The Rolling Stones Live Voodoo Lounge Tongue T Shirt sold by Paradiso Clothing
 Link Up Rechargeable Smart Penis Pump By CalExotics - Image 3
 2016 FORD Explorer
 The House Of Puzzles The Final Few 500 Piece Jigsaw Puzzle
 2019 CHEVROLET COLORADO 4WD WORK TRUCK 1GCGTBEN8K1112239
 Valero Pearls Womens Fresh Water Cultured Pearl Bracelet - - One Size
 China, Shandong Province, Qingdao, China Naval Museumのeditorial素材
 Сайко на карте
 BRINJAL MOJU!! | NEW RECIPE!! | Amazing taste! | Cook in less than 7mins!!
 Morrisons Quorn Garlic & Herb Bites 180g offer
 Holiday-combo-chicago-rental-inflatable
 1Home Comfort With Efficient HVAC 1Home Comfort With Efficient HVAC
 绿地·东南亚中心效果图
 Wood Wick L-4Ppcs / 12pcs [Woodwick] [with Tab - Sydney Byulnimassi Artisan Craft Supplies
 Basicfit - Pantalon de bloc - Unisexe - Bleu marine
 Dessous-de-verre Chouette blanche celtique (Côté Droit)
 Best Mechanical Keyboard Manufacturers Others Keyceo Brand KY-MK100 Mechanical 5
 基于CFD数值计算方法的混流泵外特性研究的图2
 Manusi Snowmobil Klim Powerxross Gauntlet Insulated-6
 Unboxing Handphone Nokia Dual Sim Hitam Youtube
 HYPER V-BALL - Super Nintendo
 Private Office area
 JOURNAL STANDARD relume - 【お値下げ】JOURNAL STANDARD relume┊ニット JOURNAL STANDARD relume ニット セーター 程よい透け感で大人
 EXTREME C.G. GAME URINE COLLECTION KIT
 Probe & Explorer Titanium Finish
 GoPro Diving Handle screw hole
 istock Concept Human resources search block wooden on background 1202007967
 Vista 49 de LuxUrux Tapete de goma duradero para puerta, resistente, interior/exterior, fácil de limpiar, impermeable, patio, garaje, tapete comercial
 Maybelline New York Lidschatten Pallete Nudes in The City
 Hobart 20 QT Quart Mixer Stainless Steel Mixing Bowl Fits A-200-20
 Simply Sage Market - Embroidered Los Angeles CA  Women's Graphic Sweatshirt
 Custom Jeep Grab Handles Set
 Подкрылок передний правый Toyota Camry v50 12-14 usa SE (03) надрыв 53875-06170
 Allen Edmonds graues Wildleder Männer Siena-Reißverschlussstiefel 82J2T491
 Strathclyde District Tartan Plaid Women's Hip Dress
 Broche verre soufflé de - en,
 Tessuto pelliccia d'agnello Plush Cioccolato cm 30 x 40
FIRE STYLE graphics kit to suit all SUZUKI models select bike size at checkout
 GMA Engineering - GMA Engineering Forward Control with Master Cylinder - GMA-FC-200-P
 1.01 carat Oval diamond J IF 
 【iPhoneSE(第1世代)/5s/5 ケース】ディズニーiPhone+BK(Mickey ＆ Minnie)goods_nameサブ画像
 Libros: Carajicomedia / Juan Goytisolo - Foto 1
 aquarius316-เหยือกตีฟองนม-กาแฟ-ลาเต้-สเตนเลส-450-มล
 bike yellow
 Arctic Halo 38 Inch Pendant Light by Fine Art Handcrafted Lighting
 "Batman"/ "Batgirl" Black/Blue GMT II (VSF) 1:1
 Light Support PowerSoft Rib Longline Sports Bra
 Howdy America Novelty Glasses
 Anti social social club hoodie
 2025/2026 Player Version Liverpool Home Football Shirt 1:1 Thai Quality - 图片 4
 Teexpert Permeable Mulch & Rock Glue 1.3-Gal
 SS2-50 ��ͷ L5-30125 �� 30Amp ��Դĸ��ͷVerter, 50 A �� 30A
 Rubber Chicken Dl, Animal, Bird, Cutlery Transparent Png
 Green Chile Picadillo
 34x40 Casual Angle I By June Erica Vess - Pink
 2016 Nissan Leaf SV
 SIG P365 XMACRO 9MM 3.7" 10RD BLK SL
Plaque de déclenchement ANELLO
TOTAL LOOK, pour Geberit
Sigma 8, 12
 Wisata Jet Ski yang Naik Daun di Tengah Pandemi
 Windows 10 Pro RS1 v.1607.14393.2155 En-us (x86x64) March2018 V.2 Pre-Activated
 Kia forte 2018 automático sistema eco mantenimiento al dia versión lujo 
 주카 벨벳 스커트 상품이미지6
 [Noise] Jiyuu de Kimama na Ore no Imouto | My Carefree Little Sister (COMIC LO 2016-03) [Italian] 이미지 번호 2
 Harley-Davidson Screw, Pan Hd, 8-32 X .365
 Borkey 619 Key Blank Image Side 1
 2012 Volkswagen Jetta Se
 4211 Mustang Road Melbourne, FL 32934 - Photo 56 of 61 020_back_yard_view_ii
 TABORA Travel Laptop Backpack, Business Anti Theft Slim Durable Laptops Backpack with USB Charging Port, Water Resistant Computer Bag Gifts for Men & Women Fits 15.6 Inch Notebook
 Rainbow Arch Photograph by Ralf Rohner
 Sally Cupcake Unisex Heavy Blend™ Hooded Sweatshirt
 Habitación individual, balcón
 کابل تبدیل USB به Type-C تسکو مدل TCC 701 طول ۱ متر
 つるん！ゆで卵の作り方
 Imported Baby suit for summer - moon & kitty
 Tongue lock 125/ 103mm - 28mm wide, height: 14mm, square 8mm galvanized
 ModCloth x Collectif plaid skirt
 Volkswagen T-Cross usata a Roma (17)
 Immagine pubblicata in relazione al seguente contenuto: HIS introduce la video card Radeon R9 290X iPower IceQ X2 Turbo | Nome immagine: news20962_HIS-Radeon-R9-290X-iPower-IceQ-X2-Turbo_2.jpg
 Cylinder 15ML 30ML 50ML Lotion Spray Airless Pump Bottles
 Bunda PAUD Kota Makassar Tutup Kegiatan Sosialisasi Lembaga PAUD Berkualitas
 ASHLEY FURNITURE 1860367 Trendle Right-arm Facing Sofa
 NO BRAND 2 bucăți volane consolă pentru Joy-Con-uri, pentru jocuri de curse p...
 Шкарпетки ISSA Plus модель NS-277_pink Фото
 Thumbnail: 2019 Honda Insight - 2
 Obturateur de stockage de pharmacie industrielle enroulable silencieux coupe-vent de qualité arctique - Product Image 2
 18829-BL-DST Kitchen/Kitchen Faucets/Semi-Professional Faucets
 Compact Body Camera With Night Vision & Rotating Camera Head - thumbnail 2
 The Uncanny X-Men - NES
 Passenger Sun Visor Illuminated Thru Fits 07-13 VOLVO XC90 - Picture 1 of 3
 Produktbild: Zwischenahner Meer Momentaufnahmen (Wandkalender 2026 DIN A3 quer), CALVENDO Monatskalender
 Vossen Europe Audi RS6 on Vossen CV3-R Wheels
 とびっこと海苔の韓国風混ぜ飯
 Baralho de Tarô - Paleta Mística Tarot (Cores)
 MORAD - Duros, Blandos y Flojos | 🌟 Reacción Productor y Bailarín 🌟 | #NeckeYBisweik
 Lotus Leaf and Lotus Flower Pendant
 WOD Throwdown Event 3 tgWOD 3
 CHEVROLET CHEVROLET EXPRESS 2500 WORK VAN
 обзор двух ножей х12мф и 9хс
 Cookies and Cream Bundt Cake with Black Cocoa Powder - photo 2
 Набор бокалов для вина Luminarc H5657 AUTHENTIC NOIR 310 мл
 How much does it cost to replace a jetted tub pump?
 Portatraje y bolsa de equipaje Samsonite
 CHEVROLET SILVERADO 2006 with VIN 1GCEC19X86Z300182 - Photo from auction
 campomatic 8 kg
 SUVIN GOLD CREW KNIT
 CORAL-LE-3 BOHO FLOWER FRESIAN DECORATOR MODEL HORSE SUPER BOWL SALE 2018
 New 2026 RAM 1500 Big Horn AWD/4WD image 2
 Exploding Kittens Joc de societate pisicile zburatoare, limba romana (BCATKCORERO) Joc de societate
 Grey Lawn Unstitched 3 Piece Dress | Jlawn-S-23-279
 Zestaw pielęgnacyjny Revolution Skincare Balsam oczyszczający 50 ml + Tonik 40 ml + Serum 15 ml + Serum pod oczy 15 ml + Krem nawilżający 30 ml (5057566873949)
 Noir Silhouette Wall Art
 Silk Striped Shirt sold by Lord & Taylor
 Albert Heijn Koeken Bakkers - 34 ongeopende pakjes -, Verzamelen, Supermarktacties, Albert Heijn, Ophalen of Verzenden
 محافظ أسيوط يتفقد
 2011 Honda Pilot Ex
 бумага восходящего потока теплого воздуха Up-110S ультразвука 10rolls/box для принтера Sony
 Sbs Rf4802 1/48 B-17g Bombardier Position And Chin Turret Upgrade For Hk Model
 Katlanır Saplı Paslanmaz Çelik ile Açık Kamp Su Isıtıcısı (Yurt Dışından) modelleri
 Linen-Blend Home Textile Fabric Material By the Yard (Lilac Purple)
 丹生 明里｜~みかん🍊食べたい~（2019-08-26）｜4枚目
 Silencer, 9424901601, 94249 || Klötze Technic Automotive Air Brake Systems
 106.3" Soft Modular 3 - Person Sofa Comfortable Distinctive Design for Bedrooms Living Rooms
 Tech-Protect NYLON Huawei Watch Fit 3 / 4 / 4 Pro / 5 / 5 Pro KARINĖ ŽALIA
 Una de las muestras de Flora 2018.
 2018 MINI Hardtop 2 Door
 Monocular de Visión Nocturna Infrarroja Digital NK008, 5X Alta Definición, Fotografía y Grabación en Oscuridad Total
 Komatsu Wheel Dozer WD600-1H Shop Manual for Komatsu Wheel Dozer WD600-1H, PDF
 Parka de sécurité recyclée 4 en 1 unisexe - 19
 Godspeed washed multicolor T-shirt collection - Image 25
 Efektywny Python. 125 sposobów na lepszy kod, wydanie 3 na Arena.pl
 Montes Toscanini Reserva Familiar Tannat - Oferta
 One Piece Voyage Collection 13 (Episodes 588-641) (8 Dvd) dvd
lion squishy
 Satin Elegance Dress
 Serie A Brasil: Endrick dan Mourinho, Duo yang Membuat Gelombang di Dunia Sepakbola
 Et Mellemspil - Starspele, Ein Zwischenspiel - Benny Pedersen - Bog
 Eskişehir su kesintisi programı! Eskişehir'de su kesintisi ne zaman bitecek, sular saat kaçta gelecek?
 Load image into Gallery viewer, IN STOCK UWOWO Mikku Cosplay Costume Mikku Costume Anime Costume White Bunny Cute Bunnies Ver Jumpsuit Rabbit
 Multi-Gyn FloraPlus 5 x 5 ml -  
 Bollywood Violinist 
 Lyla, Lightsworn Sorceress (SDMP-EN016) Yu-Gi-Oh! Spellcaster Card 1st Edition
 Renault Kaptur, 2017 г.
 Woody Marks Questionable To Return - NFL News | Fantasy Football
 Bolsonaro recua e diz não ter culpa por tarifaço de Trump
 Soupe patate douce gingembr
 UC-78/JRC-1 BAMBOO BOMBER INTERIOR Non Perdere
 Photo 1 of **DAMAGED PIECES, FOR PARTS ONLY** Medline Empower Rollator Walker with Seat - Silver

• • • • • • •

Emit only the final stretch of the records: the line containing "Montes Toscanini Reserva" through the end, each line exactly as it stands.

 Montes Toscanini Reserva Familiar Tannat - Oferta
 One Piece Voyage Collection 13 (Episodes 588-641) (8 Dvd) dvd
lion squishy
 Satin Elegance Dress
 Serie A Brasil: Endrick dan Mourinho, Duo yang Membuat Gelombang di Dunia Sepakbola
 Et Mellemspil - Starspele, Ein Zwischenspiel - Benny Pedersen - Bog
 Eskişehir su kesintisi programı! Eskişehir'de su kesintisi ne zaman bitecek, sular saat kaçta gelecek?
 Load image into Gallery viewer, IN STOCK UWOWO Mikku Cosplay Costume Mikku Costume Anime Costume White Bunny Cute Bunnies Ver Jumpsuit Rabbit
 Multi-Gyn FloraPlus 5 x 5 ml -  
 Bollywood Violinist 
 Lyla, Lightsworn Sorceress (SDMP-EN016) Yu-Gi-Oh! Spellcaster Card 1st Edition
 Renault Kaptur, 2017 г.
 Woody Marks Questionable To Return - NFL News | Fantasy Football
 Bolsonaro recua e diz não ter culpa por tarifaço de Trump
 Soupe patate douce gingembr
 UC-78/JRC-1 BAMBOO BOMBER INTERIOR Non Perdere
 Photo 1 of **DAMAGED PIECES, FOR PARTS ONLY** Medline Empower Rollator Walker with Seat - Silver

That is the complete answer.